## DIRECTIONS:
Of the lines in the data below, write out exactly those from the one holding "Women’s Nike Legging" through the one holding "Entry NEW Caneoe", both included.

EXERCISE MATERIALS Block Start

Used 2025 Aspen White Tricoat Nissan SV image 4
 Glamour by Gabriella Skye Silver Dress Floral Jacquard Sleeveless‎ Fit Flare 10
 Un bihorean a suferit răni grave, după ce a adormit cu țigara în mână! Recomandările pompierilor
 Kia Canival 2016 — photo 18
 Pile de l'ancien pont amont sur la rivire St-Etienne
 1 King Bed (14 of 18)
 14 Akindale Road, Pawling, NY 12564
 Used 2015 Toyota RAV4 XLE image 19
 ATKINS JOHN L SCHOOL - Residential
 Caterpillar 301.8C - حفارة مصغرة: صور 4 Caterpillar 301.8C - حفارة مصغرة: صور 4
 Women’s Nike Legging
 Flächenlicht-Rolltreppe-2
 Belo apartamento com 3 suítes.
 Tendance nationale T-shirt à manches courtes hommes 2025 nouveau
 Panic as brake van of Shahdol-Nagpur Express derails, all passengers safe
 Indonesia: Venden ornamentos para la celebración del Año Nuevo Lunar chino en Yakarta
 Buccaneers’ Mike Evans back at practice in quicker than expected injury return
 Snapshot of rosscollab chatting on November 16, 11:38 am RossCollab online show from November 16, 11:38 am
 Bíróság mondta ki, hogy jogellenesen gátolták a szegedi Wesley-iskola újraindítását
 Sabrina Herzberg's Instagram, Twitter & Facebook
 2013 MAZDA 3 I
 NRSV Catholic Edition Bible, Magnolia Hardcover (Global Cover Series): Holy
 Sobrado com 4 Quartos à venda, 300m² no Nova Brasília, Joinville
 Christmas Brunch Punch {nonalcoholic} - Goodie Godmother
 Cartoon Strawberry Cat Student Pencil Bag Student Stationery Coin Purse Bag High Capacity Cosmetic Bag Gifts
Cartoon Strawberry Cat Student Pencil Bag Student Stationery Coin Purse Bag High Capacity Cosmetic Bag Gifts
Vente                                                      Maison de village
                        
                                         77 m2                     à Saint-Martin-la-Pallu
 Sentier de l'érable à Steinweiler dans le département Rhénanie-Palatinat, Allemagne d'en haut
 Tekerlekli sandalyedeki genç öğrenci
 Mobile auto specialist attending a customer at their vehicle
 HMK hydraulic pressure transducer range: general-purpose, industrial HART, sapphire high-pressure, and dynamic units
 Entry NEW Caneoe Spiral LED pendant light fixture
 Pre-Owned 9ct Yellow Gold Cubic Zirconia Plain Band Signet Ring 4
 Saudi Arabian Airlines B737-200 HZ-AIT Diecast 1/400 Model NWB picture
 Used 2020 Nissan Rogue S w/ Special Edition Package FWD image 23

EXERCISE MATERIALS Block End

## RESULT:
 Women’s Nike Legging
 Flächenlicht-Rolltreppe-2
 Belo apartamento com 3 suítes.
 Tendance nationale T-shirt à manches courtes hommes 2025 nouveau
 Panic as brake van of Shahdol-Nagpur Express derails, all passengers safe
 Indonesia: Venden ornamentos para la celebración del Año Nuevo Lunar chino en Yakarta
 Buccaneers’ Mike Evans back at practice in quicker than expected injury return
 Snapshot of rosscollab chatting on November 16, 11:38 am RossCollab online show from November 16, 11:38 am
 Bíróság mondta ki, hogy jogellenesen gátolták a szegedi Wesley-iskola újraindítását
 Sabrina Herzberg's Instagram, Twitter & Facebook
 2013 MAZDA 3 I
 NRSV Catholic Edition Bible, Magnolia Hardcover (Global Cover Series): Holy
 Sobrado com 4 Quartos à venda, 300m² no Nova Brasília, Joinville
 Christmas Brunch Punch {nonalcoholic} - Goodie Godmother
 Cartoon Strawberry Cat Student Pencil Bag Student Stationery Coin Purse Bag High Capacity Cosmetic Bag Gifts
Cartoon Strawberry Cat Student Pencil Bag Student Stationery Coin Purse Bag High Capacity Cosmetic Bag Gifts
Vente                                                      Maison de village
                        
                                         77 m2                     à Saint-Martin-la-Pallu
 Sentier de l'érable à Steinweiler dans le département Rhénanie-Palatinat, Allemagne d'en haut
 Tekerlekli sandalyedeki genç öğrenci
 Mobile auto specialist attending a customer at their vehicle
 HMK hydraulic pressure transducer range: general-purpose, industrial HART, sapphire high-pressure, and dynamic units
 Entry NEW Caneoe Spiral LED pendant light fixture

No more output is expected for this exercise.